* _TASK_:
From the first line to the last, restate the records word for word, skipping the pictures.

* _DATA TO USE_:
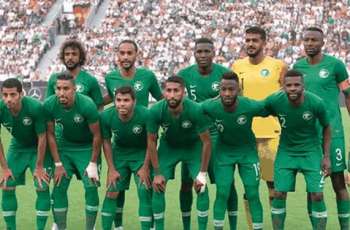 Saudi Arabia Plans to Increase Market Value of National Football Clubs to $2.1Bln - Ryadh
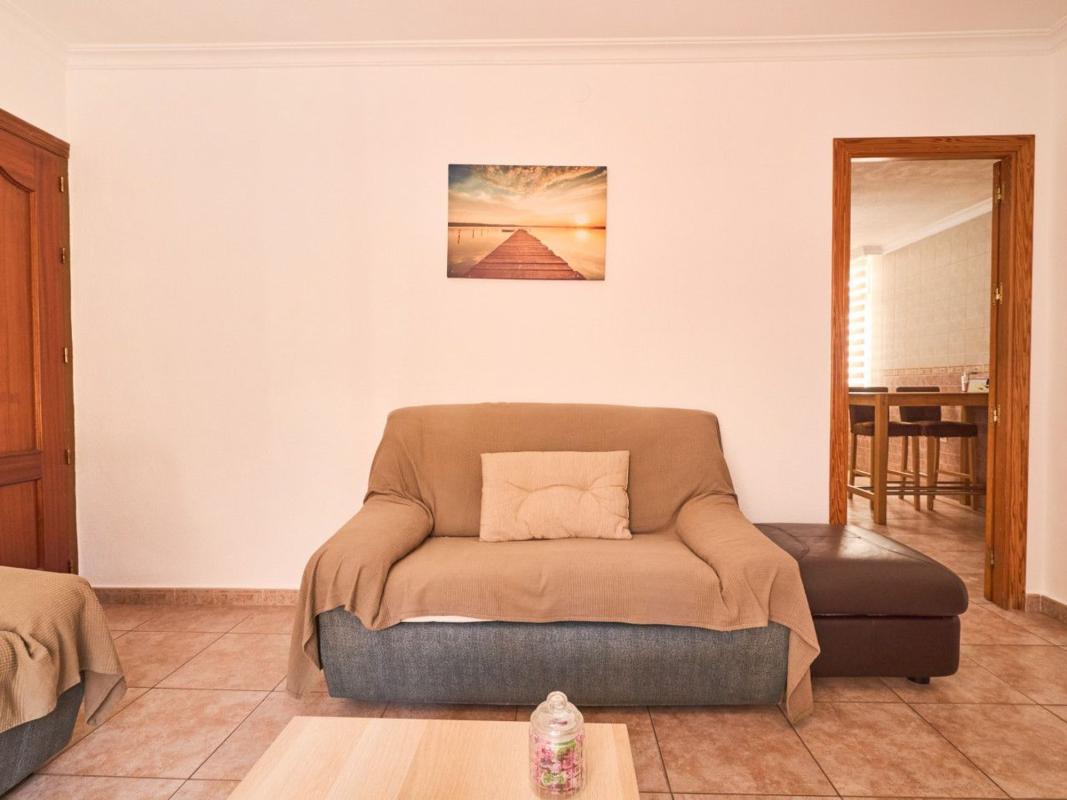 Property main view 22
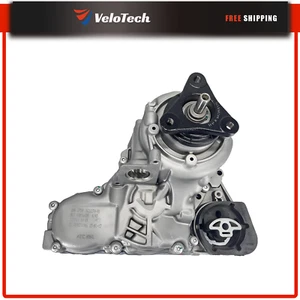 1x Transfer Case Assembly For BMW 228i 230i 320i 328i 330i 340i 428i AWD ATC35L - Picture 1 of 7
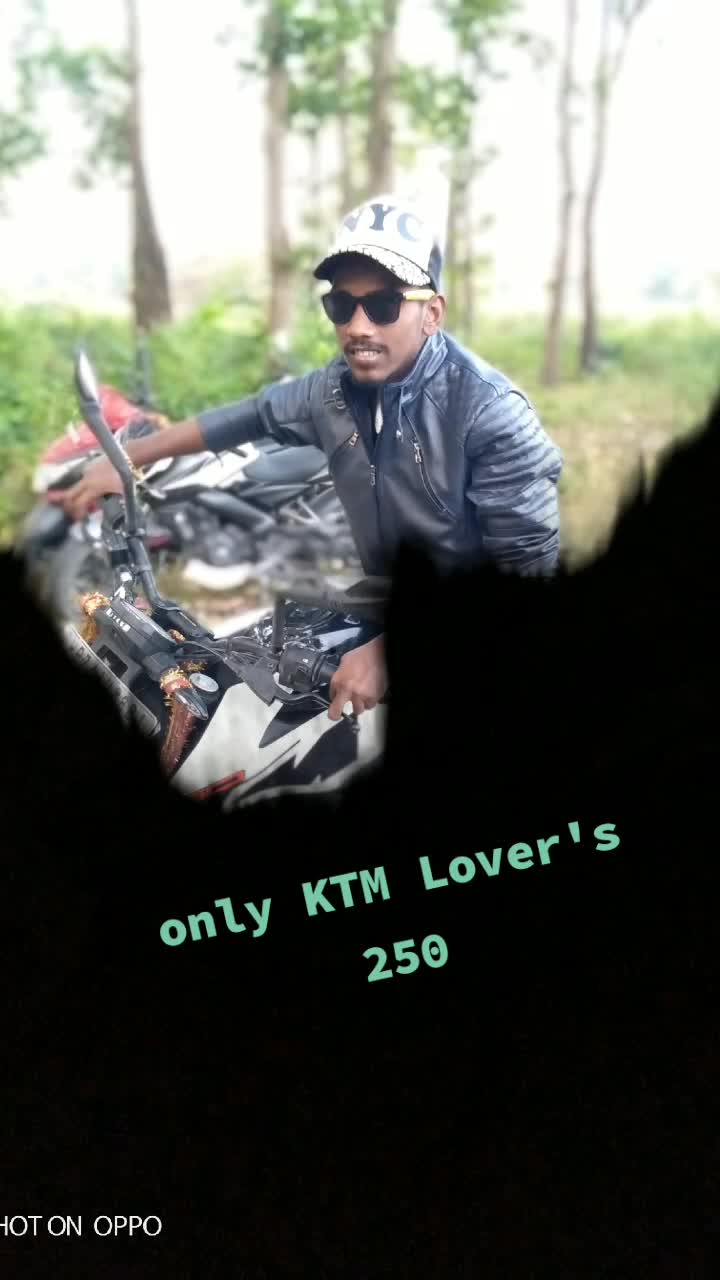 @🔥🤘Rangbaaz🔥🤘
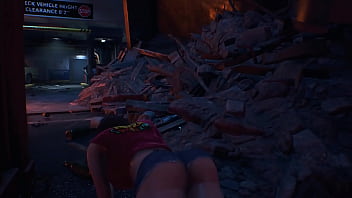 ibiza slag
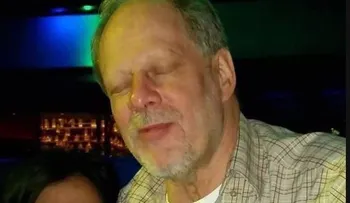 El asesino de Las Vegas envió 100.000 dólares a Filipinas una semana antes del ataque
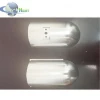 Custom CNC Turning Parts Stainless Steel Motor Accessories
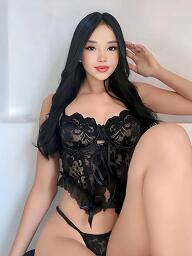 Dasha, Bratislava - Ružinov, 20 rokov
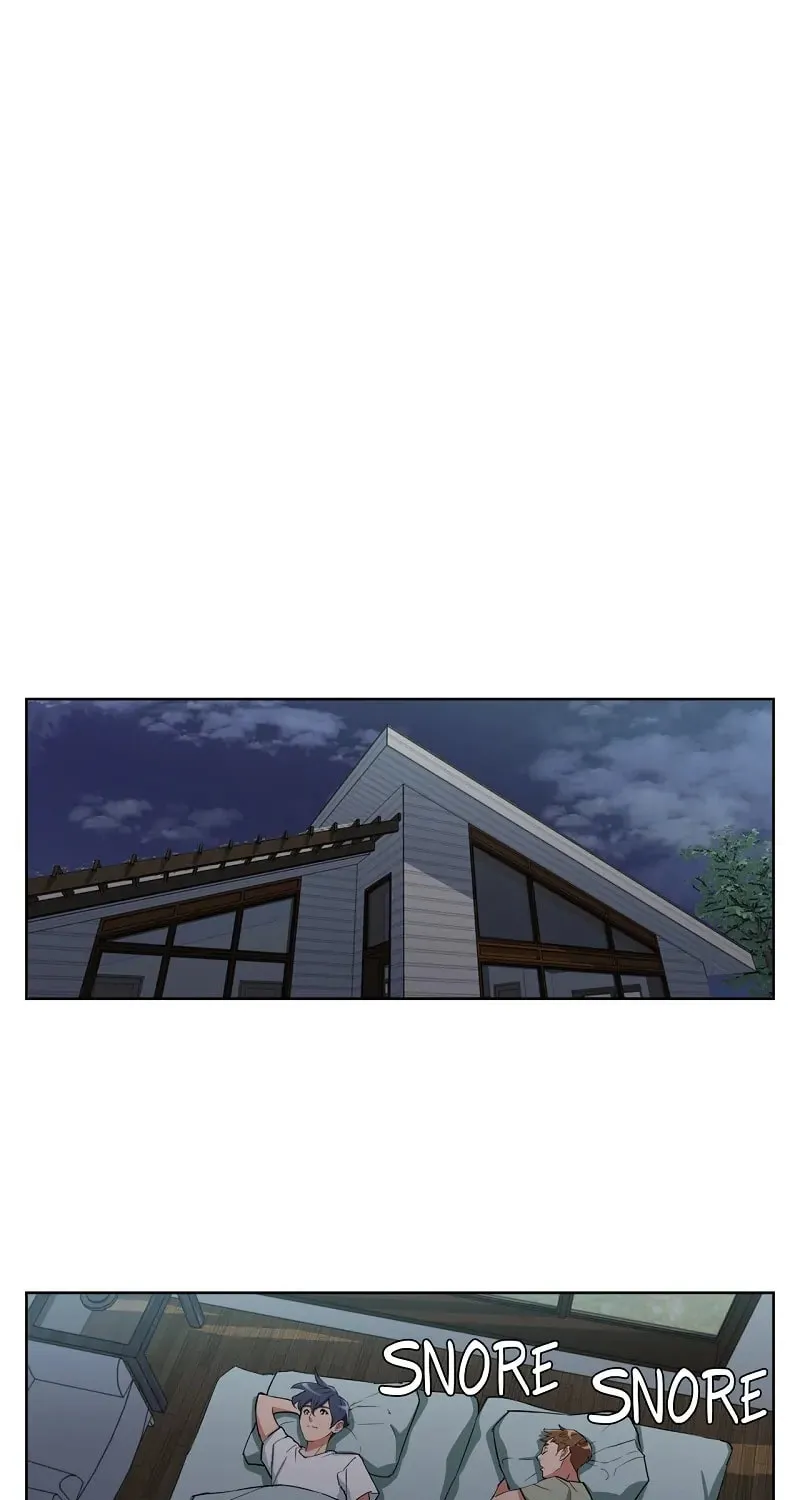Read Read to Level Up chapter 114.6 image 54 on Lezhin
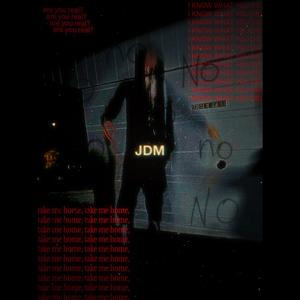 JDM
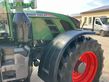 Tractor agrícola - Fendt - 720 scr profi plus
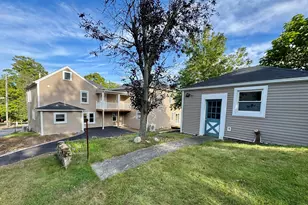346 Hilldale Ave, Haverhill, MA 01832 - Photo 5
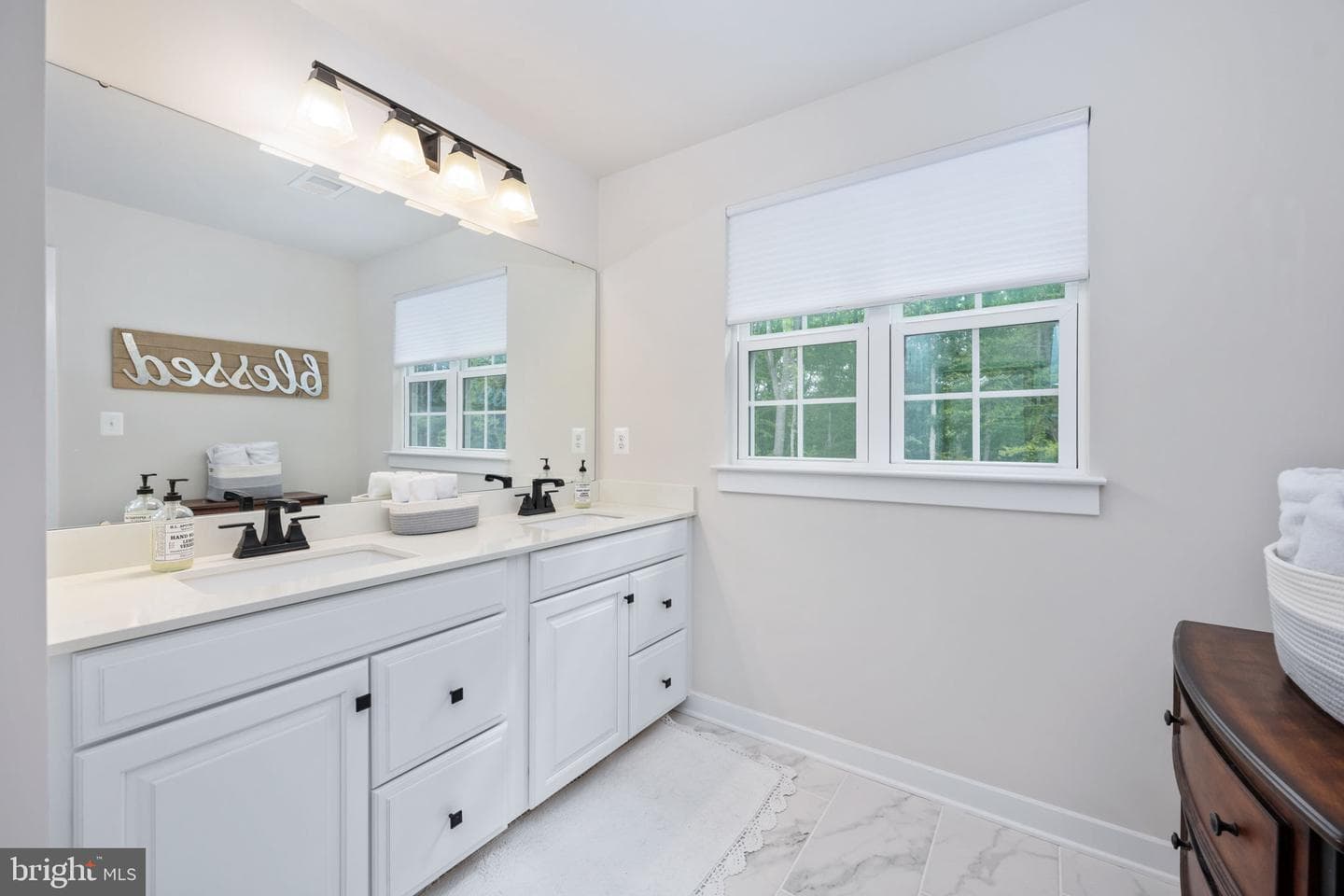 8611 Sylvannah Dr. photo 45
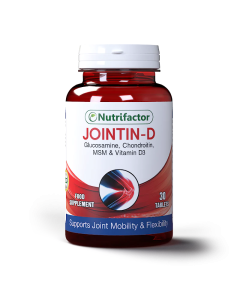 nf-jointin-d-30s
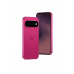 Google Pixel 11, 12/256 ГБ, Розовый
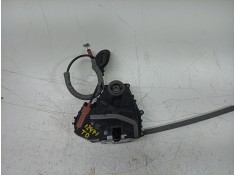 CERRADURA PUERTA TRASERA DERECHA 825026225R 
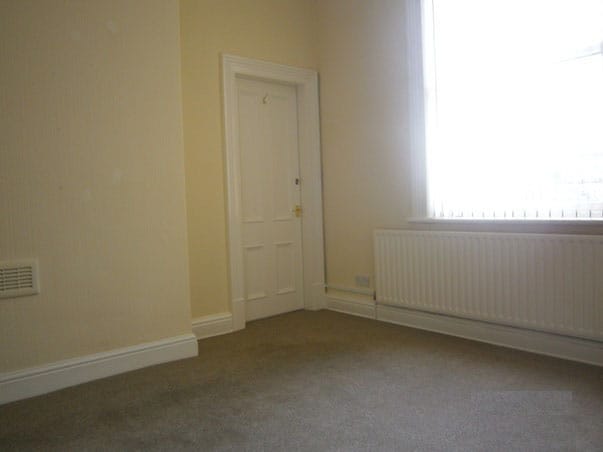 Askwtih Business Services  - 17 East Parade, Harrogate, HG1 - North Yorkshire image 2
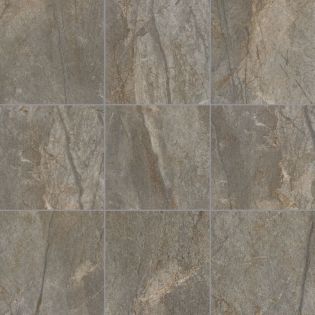 GeoCeramica Bresscia Taupe 100x100x4cm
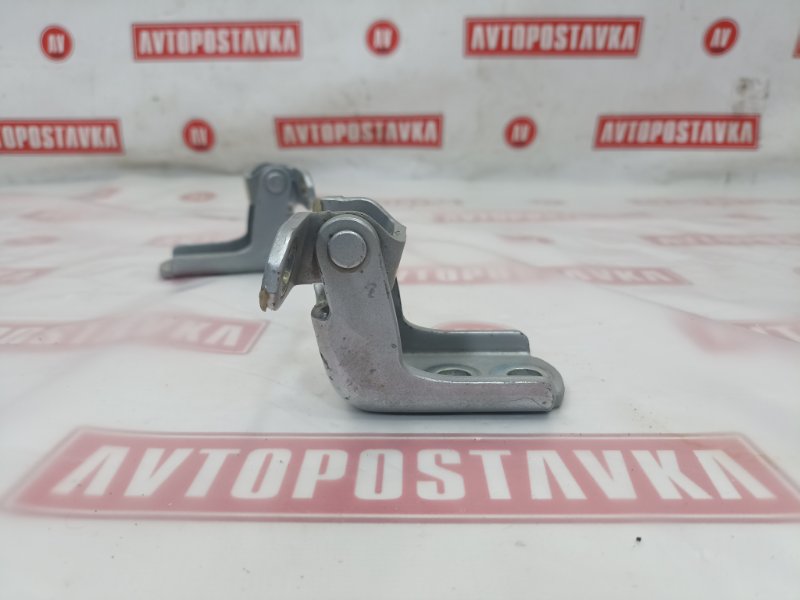 Петля двери, 1000 рублей, Красноярск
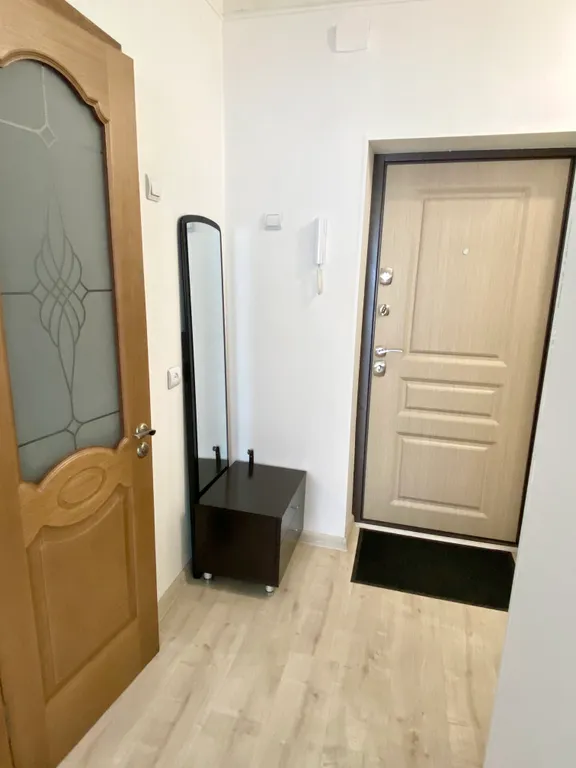 Квартира Квартира Сердце города — Калининград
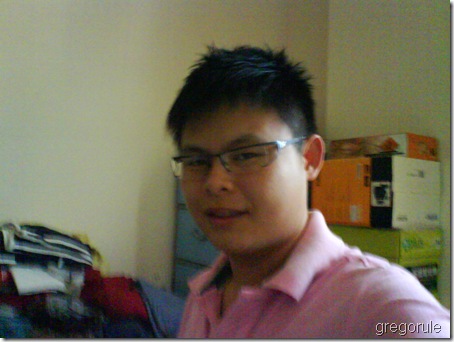 DSC05176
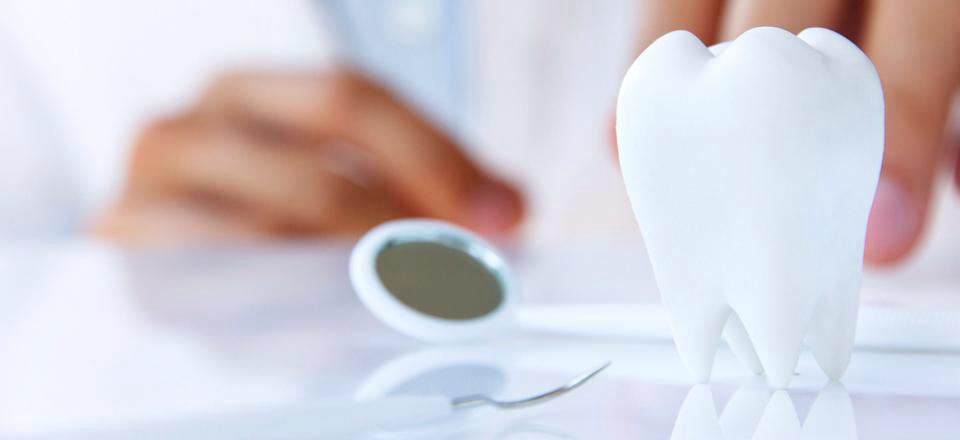Some Basics On Preparing Yourself For Dental Procedure | TheAmberPost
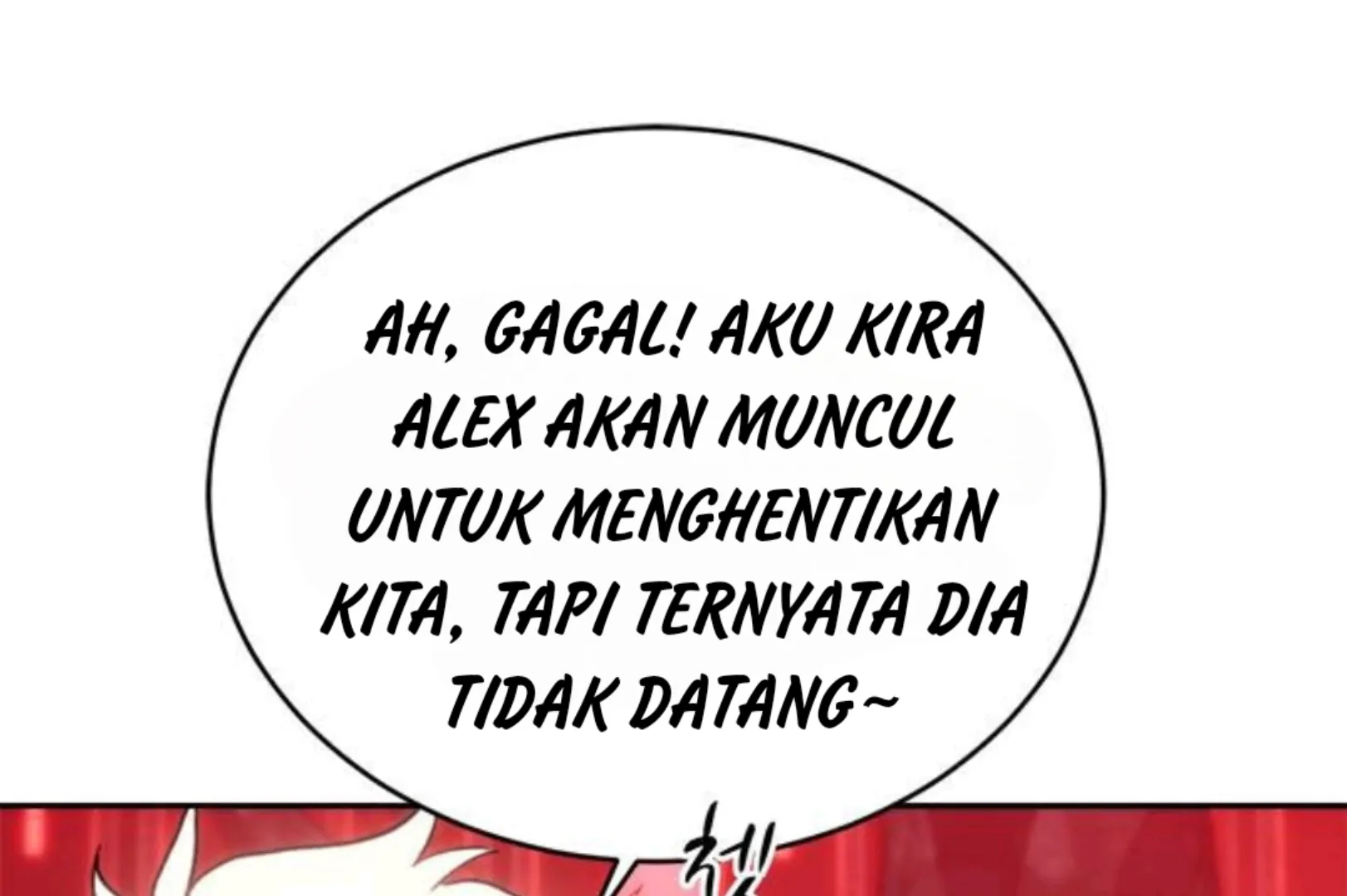 Halaman 154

* _RESPONSE TO THE TASK_:
 Saudi Arabia Plans to Increase Market Value of National Football Clubs to $2.1Bln - Ryadh
 Property main view 22
 1x Transfer Case Assembly For BMW 228i 230i 320i 328i 330i 340i 428i AWD ATC35L - Picture 1 of 7
 @🔥🤘Rangbaaz🔥🤘
 ibiza slag
 El asesino de Las Vegas envió 100.000 dólares a Filipinas una semana antes del ataque
 Custom CNC Turning Parts Stainless Steel Motor Accessories
 Dasha, Bratislava - Ružinov, 20 rokov
Read Read to Level Up chapter 114.6 image 54 on Lezhin
 JDM
 Tractor agrícola - Fendt - 720 scr profi plus
346 Hilldale Ave, Haverhill, MA 01832 - Photo 5
 8611 Sylvannah Dr. photo 45
 nf-jointin-d-30s
 Google Pixel 11, 12/256 ГБ, Розовый
 CERRADURA PUERTA TRASERA DERECHA 825026225R 
 Askwtih Business Services  - 17 East Parade, Harrogate, HG1 - North Yorkshire image 2
 GeoCeramica Bresscia Taupe 100x100x4cm
 Петля двери, 1000 рублей, Красноярск
 Квартира Квартира Сердце города — Калининград
 DSC05176
Some Basics On Preparing Yourself For Dental Procedure | TheAmberPost
 Halaman 154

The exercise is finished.